Who would have guessed that a Belgium movie in French based on a children’s television show would be one of the most kooky, whimsical, weird and wonderful cinematic experiences in recent memory? It’s one of those delightful surprises that makes scrounging and searching through obscure sources worthwhile. The form is stop-motion animation with small pedestal action figure characters that look like they come by the bag. Think of tiny green soldiers except with different characters.
Cowboy, Indian, and Horse are the main characters. Their general relationship is Cowboy and Indian get into crazy high jinks while Horse stolidly administers damage control. It is Horse’s birthday. Cowboy and Indian scramble at the last minute to get him a present. They decide to build a barbecue made out of bricks, but they don’t have enough bricks. They order some through the internet and due to a mix-up millions are delivered. The consequences of covering them up snaps the plot forward like a tightly wound rubber band.
Horse rolls with the punches in an almost Zen sense. No matter what chaotic insanity is hurled he responds with pragmatic logic that is three or four degrees off-center, but completely appropriate to his environment. Refreshingly, he never gets mad. The house has been destroyed! Just spend the next day building a new house. Internal logic seems unique even to cartoons; gravity, weight, and geography have minds of their own; character’s actions can be bizarrely direct. Yet everything is grounded by an absolutely fantastic playful whimsy.
This whimsy might be the film’s best asset. For example, Horse kicks off his horseshoes before getting into bed. When falling down a bottomless chasm on top of a giant rock the group chooses an unusual activity. Little lambs unzip their wool coats and change into PJs before bed. Whimsical humor in this manner is a gift not to be taken for granted from directors Stéphane Aubier and Vincent Patar (who relish the widescreen frame). In a kid cinema wasteland of fart and pee-pee jokes actual wit should be treasured. Of course wit is a rare commodity in any genre.
During the last third, I had no idea what was going to happen next. Such unpredictability is pure joy to a jaded film nut. I’ve seen the movie two more times since and that glee of invention, of crossing a cinematic barrier where everything is new and fresh, remains intact. My only criticism, and this only happened during my third viewing, is that the constant shouting panic can be a little grating. Aside from that, “A Town Called Panic” possesses the kind of venturing into new territory quality that only the best movies have.

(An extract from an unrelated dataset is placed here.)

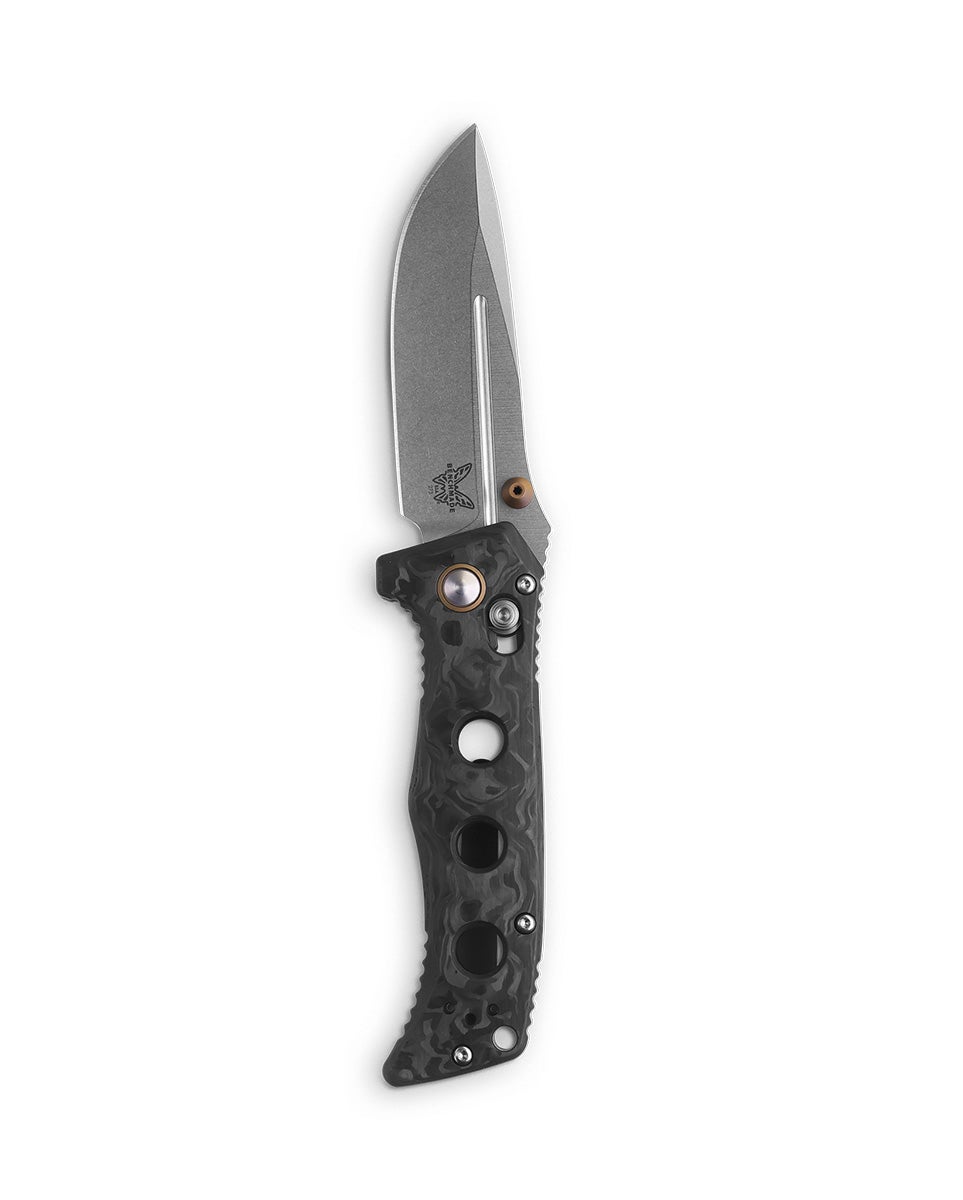 Benchmade 273-03 Mini Adamas foldekniv med MagnaCut drop point-blad i stonewash og skæfte i Marbled Carbon Fiber med FDE-detaljer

The DVD: “La Fabrique de Panique”, a 52-minutes documentary, delivers excellent insight into the team of Stéphane Aubier and Vincent Patar. They have an extremely natural vibe chemistry that transcends words. Their talent is tremendous. A generous sampling of early work is shown. But foremost, the colossal work of stop-motion animation is conveyed. Amazingly, Aubier and Patar animated the entire movie themselves!